# Handle



## RRLOVER (Sep 24, 2011)

Here's another one of the poorly stabilized spalted wood I purchased.I had two blocks explode while drilling the tang holes:slaphead:,you get what you pay for.What do you guys think about the rounding of the end of the handle.


----------



## tk59 (Sep 24, 2011)

Hmm. I'm not sure I feel strongly one way or the other as far as rounding. I think it's a nice-looking handle though. I think maybe it's a little strange to have straight lines on one end and curved lines at the other? As far as stabilization, I don't understand why a poorly stabilized piece would explode. Is it just pressure from the clamp?


----------



## jwhite (Sep 24, 2011)

I like it..... a lot.:thumbsup:

What bit were you using? I usually set the RPMs low and use minimal pressure and back out a lot to clear the hole of dust and shavings when working with any burl... tricky stuff.


----------



## RRLOVER (Sep 24, 2011)

They exploded due to the spalting.I was told to try and break the block with my hand to ensure they are solid.They both came apart on a spalting line when I was drilling.


----------



## tk59 (Sep 24, 2011)

I see. Thanks.


----------



## mhenry (Sep 24, 2011)

Beautiful!! I like it. What are you going to put it on?


----------



## RRLOVER (Sep 24, 2011)

I have eight blades in the process of being heat treated.


----------



## Burl Source (Sep 26, 2011)

I just noticed this thread.
The wood in the photo looks a lot like some of my spalted maple burl.
At the very least I can tell that it is west coast spalted maple burl.

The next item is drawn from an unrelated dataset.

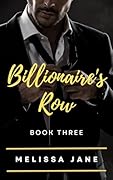 Billionaires Row: Book Three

If the wood came from me, let me know and I will send you a full refund of what you paid.

Their are certain structural issues to keep in mind when using spalted woods.
I don't want to hijack the thread so I will post a thread in my subforum about spalted woods.


----------



## RRLOVER (Sep 27, 2011)

Burl Source said:


> I just noticed this thread.
> The wood in the photo looks a lot like some of my spalted maple burl.
> At the very least I can tell that it is west coast spalted maple burl.
> 
> ...


 

The wood did not come from you.The person I purchased it from did the stabilizing himself.I knew better then to purchase wood that was not stabilized by right company but I bought the wood anyway:bashhead: Once they get mounted and have a few coats of tru oil they will be just fine.


----------



## Marko Tsourkan (Sep 27, 2011)

RRLOVER said:


> The wood did not come from you.The person I purchased it from did the stabilizing himself.I knew better then to purchase wood that was not stabilized by right company but I bought the wood anyway:bashhead: Once they get mounted and have a few coats of tru oil they will be just fine.


 
Mario, 
is this an adaptation of Rader's construction, or is it an optical illusion? I see a little curve to the end cap. 

M


----------



## RRLOVER (Sep 27, 2011)

Marko Tsourkan said:


> Mario,
> is this an adaptation of Rader's construction, or is it an optical illusion? I see a little curve to the end cap.
> 
> M


 
Yes, there is a curve on the end cap.


----------



## Marko Tsourkan (Sep 28, 2011)

Very cool.


----------